[Dataset entries]
━━━━━━━━━━

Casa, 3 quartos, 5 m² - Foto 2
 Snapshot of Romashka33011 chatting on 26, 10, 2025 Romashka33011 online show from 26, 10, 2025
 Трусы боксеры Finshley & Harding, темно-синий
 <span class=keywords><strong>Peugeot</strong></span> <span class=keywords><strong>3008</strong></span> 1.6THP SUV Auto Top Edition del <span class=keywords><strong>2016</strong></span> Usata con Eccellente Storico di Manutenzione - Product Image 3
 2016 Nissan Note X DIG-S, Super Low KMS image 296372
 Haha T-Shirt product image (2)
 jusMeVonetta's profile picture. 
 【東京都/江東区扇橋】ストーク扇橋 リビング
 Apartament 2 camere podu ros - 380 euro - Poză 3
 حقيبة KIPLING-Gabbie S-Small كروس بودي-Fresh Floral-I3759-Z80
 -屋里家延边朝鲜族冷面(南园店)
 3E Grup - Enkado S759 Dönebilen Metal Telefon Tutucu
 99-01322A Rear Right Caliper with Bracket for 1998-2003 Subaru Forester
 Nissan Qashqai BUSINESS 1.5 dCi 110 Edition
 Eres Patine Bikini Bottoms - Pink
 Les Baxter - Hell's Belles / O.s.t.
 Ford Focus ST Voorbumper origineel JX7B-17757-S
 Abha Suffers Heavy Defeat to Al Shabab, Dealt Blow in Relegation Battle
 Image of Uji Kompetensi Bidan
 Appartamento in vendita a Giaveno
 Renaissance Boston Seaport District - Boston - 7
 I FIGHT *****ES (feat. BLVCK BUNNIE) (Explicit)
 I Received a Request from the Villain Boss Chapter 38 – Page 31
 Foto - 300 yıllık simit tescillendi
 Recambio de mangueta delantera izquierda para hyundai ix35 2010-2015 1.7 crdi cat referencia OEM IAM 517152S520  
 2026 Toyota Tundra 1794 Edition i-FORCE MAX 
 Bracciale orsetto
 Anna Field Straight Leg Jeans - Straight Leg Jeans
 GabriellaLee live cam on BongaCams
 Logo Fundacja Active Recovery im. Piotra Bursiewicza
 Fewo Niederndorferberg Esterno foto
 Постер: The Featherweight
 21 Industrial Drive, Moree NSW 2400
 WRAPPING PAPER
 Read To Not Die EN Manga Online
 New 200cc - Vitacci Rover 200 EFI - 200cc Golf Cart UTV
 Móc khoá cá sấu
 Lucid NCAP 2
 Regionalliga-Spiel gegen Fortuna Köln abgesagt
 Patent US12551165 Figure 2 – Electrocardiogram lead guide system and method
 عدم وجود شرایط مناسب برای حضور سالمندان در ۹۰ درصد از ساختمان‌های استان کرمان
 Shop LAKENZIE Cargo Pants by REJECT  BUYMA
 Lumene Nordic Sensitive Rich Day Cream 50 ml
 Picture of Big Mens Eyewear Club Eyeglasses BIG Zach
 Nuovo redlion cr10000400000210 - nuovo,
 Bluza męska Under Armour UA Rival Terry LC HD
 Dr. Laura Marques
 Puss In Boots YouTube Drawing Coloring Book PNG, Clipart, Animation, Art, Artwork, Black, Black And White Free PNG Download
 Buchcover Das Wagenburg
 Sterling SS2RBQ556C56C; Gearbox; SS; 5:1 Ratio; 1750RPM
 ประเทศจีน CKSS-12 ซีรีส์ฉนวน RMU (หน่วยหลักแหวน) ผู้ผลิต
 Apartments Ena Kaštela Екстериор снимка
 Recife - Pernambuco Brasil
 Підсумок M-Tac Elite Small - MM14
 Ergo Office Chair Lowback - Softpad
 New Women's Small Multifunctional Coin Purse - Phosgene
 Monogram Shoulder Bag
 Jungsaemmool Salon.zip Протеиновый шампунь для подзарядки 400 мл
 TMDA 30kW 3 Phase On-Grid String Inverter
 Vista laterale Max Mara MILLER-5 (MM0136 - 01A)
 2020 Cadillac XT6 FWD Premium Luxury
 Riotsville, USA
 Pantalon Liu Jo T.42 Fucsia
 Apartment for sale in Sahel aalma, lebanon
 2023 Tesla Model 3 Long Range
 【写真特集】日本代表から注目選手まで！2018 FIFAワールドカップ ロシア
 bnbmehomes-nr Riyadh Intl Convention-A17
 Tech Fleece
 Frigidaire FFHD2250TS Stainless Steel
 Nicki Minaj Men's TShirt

━━━━━━━━━━

# WORK ORDER
Exactly the lines above from the one with "Picture of Big" to the one with "Tech Fleece", both included, are to be quoted; leave the rest out.

# FINISHED EXERCISE
 Picture of Big Mens Eyewear Club Eyeglasses BIG Zach
 Nuovo redlion cr10000400000210 - nuovo,
 Bluza męska Under Armour UA Rival Terry LC HD
 Dr. Laura Marques
 Puss In Boots YouTube Drawing Coloring Book PNG, Clipart, Animation, Art, Artwork, Black, Black And White Free PNG Download
 Buchcover Das Wagenburg
 Sterling SS2RBQ556C56C; Gearbox; SS; 5:1 Ratio; 1750RPM
 ประเทศจีน CKSS-12 ซีรีส์ฉนวน RMU (หน่วยหลักแหวน) ผู้ผลิต
 Apartments Ena Kaštela Екстериор снимка
 Recife - Pernambuco Brasil
 Підсумок M-Tac Elite Small - MM14
 Ergo Office Chair Lowback - Softpad
 New Women's Small Multifunctional Coin Purse - Phosgene
 Monogram Shoulder Bag
 Jungsaemmool Salon.zip Протеиновый шампунь для подзарядки 400 мл
 TMDA 30kW 3 Phase On-Grid String Inverter
 Vista laterale Max Mara MILLER-5 (MM0136 - 01A)
 2020 Cadillac XT6 FWD Premium Luxury
 Riotsville, USA
 Pantalon Liu Jo T.42 Fucsia
 Apartment for sale in Sahel aalma, lebanon
 2023 Tesla Model 3 Long Range
 【写真特集】日本代表から注目選手まで！2018 FIFAワールドカップ ロシア
 bnbmehomes-nr Riyadh Intl Convention-A17
 Tech Fleece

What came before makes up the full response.